Defendants also assert that plaintiffs rely completely on their counsel and that each plaintiff has conceded that it knows no facts, other than what has been told by its counsel, to support the allegations in the consolidated complaint. Defendants’ memorandum at 100. The court does not accept this assertion.
The court finds plaintiffs have satisfied the adequacy of representative requirement.
E. Predominance and Superiority (Rule 23(b)(3))
1. Predominance
Plaintiffs’ claim also meets the Rule 23(b)(3) predominance requirement. The only pertinent individual question involves the issue of damages. Its importance fails to outweigh the common question of whether defendants engaged in a conspiracy to fix, maintain and stabilize the prices of chlor-alkali products.
In determining whether common questions predominate, the court’s inquiry is directed primarily toward the issue of liability. Bogosian, supra, 561 F.2d at 456. The common questions and their predominance over individual claims are manifested in the fact that if plaintiffs and every class member were each to bring an individual action, they would still be required to prove the existence of the alleged activities of defendants in order to prove liability.
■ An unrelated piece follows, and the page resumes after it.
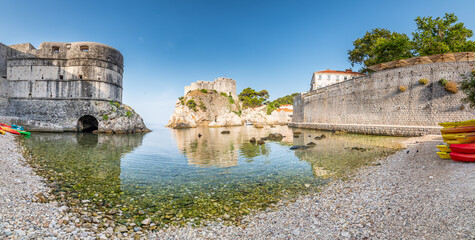 Obraz premium View of small water bay near old city of Dubrovnik. Ancient fort Lovrijenac near small harbor with boats. Sunny day.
2. Superiority of Class Action Method
In this case the class action device is superior to other methods of adjudication. Joinder of all of the class members would be impracticable and duplicative individual trials would impose similar burdens on the litigants and the courts. The utility and necessity of presenting the claims asserted in this action through the class action method is substantial since “a large number of individuals may have been injured, although no one person may have been damaged to a degree which would have induced him to institute litigation solely on his own behalf.” Green v. Wolf Corp., 406 F.2d 291, 296 (2d Cir.1968).
III. CONCLUSION
Accordingly, the court will grant plaintiffs’ joint motion to certify a class action and to designate the five named plaintiffs as the representatives of the class.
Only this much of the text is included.